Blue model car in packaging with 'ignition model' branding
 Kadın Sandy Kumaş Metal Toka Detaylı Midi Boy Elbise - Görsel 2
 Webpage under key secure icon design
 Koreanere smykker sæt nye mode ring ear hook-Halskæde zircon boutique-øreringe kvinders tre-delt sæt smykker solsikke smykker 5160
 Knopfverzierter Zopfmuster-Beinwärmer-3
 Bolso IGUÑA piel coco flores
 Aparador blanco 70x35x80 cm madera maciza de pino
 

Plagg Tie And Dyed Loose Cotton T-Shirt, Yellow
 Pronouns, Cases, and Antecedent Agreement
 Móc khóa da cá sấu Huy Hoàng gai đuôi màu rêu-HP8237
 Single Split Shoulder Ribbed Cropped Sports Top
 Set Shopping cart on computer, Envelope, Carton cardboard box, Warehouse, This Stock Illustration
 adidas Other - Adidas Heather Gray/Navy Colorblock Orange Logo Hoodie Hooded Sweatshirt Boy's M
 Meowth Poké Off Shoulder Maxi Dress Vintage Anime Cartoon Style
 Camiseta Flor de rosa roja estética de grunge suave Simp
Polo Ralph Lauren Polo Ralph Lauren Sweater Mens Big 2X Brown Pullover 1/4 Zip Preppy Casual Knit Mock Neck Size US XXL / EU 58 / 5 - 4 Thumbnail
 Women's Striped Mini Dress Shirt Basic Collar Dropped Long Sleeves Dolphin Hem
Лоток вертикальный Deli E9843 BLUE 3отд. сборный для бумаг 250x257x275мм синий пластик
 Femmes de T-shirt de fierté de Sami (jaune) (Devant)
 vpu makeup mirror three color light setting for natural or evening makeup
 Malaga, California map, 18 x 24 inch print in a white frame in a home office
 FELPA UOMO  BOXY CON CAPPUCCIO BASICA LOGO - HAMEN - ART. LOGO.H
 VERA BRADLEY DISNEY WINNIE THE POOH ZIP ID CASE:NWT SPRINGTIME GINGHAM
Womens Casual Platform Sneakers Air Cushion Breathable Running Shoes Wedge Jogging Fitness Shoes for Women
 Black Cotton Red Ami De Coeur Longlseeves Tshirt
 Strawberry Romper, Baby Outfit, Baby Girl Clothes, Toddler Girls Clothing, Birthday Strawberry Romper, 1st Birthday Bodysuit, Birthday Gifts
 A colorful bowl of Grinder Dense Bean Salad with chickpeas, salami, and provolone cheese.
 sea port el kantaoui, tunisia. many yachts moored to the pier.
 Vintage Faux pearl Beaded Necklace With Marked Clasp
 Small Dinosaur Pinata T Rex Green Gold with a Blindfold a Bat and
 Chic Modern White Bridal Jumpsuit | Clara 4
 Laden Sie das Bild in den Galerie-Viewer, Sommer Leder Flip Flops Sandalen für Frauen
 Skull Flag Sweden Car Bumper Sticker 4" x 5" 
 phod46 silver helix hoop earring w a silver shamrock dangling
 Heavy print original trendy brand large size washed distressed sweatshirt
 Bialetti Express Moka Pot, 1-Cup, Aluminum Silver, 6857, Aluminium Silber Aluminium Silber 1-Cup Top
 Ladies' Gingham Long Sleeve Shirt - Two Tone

┄┄┄┄┄┄

- [Your instructions] Reproduce the lines of the entries above from the one with "Koreanere smykker sæt" to the one with "Femmes de T-shirt", both included, exactly and without any other line.

- [Answer area]
 Koreanere smykker sæt nye mode ring ear hook-Halskæde zircon boutique-øreringe kvinders tre-delt sæt smykker solsikke smykker 5160
 Knopfverzierter Zopfmuster-Beinwärmer-3
 Bolso IGUÑA piel coco flores
 Aparador blanco 70x35x80 cm madera maciza de pino
 

Plagg Tie And Dyed Loose Cotton T-Shirt, Yellow
 Pronouns, Cases, and Antecedent Agreement
 Móc khóa da cá sấu Huy Hoàng gai đuôi màu rêu-HP8237
 Single Split Shoulder Ribbed Cropped Sports Top
 Set Shopping cart on computer, Envelope, Carton cardboard box, Warehouse, This Stock Illustration
 adidas Other - Adidas Heather Gray/Navy Colorblock Orange Logo Hoodie Hooded Sweatshirt Boy's M
 Meowth Poké Off Shoulder Maxi Dress Vintage Anime Cartoon Style
 Camiseta Flor de rosa roja estética de grunge suave Simp
Polo Ralph Lauren Polo Ralph Lauren Sweater Mens Big 2X Brown Pullover 1/4 Zip Preppy Casual Knit Mock Neck Size US XXL / EU 58 / 5 - 4 Thumbnail
 Women's Striped Mini Dress Shirt Basic Collar Dropped Long Sleeves Dolphin Hem
Лоток вертикальный Deli E9843 BLUE 3отд. сборный для бумаг 250x257x275мм синий пластик
 Femmes de T-shirt de fierté de Sami (jaune) (Devant)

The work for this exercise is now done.